For the past two decades, Kondos says Barrick had “the guts and stamina” to investigate and pioneer the avant-garde technique, alongside other international miners such as Newmont Mining (NYSE: NEM) and Placer Dome, who were also exploring its potential.

Barrick acquired all the thiosulphate patents and know-how from Placer Dome with the acquisition of the company in 2006. Since then, Barrick has become a leader in the field, using Goldstrike’s cyanide resistant ore as the world’s first test hub.

“Nothing beats a good cyanide system, it’s so efficient and well understood, but it doesn’t work at Goldstrike,” he says. “Our alternative was to turn off the autoclaves, because we had no other material that it could handle. Thiosulphate was our only choice.”

Stockpiled at the company’s mine site is 4 million tonnes of “double-refractory” ore, a term used to describe a rock containing both sulphides and carbonaceous matter along with the precious metal.

During conventional processing, the sulphides that bind the gold can be broken down, or oxidized, by either pressure leaching through an autoclave, or burned in high-temperature reactors.

Once the gold is liberated from the mineral structures, cyanide is flushed through the system and grabs onto the gold floating about in the slurry. But if there’s any carbon present, the organics will steal the yellow metal out of solution first.

Recoveries in double refractory ores can be as low as 10 to 15%, Kondos says, but thiosulphate works against the carbon and can bump recoveries up to 80% or higher.

“Compared to cyanide, you require more thiosulphate because it’s a weaker complexing agent, and it can be oxidized or lost in other chemical reactions,” he says.

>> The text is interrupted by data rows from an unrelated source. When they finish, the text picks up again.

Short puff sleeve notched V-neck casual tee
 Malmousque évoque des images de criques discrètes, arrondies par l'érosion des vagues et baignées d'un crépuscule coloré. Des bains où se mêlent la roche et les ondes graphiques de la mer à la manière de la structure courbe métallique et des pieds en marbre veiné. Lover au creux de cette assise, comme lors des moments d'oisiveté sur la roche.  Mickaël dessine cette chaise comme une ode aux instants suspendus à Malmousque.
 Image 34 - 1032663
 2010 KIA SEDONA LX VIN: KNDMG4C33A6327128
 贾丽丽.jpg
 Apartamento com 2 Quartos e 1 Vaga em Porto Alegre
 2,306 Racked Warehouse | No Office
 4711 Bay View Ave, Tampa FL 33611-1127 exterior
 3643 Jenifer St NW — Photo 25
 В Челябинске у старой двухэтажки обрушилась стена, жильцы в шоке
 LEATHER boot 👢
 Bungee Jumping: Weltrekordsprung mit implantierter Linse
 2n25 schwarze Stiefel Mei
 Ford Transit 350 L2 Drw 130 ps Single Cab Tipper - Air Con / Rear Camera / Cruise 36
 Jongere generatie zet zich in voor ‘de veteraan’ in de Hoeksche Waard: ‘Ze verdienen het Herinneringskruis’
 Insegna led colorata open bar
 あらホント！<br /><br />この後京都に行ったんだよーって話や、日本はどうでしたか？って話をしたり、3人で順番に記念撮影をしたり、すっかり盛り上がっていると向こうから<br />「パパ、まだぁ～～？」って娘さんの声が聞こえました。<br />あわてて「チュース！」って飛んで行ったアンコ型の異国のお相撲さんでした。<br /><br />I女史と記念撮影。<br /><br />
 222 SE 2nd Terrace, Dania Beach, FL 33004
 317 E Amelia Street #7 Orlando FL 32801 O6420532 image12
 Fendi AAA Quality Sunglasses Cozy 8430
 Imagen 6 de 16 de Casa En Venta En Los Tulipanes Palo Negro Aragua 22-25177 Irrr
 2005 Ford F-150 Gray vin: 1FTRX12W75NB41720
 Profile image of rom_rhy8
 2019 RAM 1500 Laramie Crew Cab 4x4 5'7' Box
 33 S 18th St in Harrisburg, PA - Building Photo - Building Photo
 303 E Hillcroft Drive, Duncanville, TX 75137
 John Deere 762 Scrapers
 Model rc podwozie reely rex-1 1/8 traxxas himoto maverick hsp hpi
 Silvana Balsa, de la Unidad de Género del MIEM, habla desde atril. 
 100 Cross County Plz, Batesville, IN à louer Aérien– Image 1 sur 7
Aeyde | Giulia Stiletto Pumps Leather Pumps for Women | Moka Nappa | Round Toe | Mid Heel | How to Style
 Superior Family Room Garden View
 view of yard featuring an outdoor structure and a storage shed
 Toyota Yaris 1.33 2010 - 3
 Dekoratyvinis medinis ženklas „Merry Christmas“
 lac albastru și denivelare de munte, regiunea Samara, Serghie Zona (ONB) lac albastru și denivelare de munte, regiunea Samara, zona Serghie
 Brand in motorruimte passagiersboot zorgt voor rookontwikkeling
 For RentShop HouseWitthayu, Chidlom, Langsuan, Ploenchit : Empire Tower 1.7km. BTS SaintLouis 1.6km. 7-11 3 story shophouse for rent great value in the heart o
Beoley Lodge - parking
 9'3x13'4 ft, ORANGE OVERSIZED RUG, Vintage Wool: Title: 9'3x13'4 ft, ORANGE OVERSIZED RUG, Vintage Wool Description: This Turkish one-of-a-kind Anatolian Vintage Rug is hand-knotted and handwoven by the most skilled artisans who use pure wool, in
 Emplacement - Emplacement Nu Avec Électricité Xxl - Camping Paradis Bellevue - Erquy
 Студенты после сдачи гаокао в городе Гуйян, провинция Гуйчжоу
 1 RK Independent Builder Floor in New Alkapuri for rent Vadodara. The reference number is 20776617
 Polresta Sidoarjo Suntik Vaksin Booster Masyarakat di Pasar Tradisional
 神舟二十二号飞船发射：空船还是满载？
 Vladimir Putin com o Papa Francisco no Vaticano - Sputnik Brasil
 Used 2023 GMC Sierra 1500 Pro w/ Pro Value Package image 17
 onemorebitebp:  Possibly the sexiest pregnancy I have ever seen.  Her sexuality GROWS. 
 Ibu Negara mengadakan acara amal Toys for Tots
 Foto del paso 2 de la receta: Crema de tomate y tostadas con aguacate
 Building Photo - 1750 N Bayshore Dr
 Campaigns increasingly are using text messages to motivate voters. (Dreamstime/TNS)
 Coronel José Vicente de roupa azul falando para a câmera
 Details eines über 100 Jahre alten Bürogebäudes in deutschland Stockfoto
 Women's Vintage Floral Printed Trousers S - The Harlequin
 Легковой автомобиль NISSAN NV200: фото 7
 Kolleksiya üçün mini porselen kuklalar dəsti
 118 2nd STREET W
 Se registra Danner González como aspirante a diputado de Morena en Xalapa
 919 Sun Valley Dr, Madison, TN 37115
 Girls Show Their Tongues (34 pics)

“But it’s relatively much cheaper to buy, and we take great care of recycling all the solutions inside so none of the thiosulphate is lost or goes to waste.”

After an investment of US$620 million, which included upgrades to the leaching circuits at Goldstrike, a thiosulphate manufacturing plant to supply the chemical, and a new water treatment plant that will allow the company to recycle large amounts of thiosulphate, the new plant is expected to contribute an annual average of 350,000 to 450,000 oz. gold. That’s almost half of the 1 to 1.15 million oz. gold Barrick expects to produce this year at the operation.

All-in sustaining costs are projected to fall between US$700 to US$800 per oz. gold.

“We’ve been having no problems on any technical issues, the plant has been performing very well,” he says.

Kondos adds that in 2010, Barrick had a demonstration plant running at Goldstrike for 16 months just to “run the process through the rails to see if it worked,” and established a peer review committee of experts and groups from around the world to solve any road blocks.

One such group is the Australian think tank Commonwealth Scientific and Industrial Research Organization (CSIRO), who Kondos says has been instrumental in driving the industrial process in recent years.

“The amount of time, investment and collaboration that went into this is something we’re really proud of,” he says. “At Barrick, we now have a good understanding of where it works, where it doesn’t and what the economics are.”

Although the company has patented the technology, Kondos says it’s available to anyone else in the industry to use for a nominal royalty and free for research projects.

“We’re open to anyone who wants to develop it further and use it as a baseline for something else,” he says, emphasizing that it often takes a consortium of people to overcome technical challenges.

He says there’s an effort to try and adapt this new technology to work well with a variety of ores and deposit styles, but “it’s not an easy system and there’s still a lot more work that needs to be done.”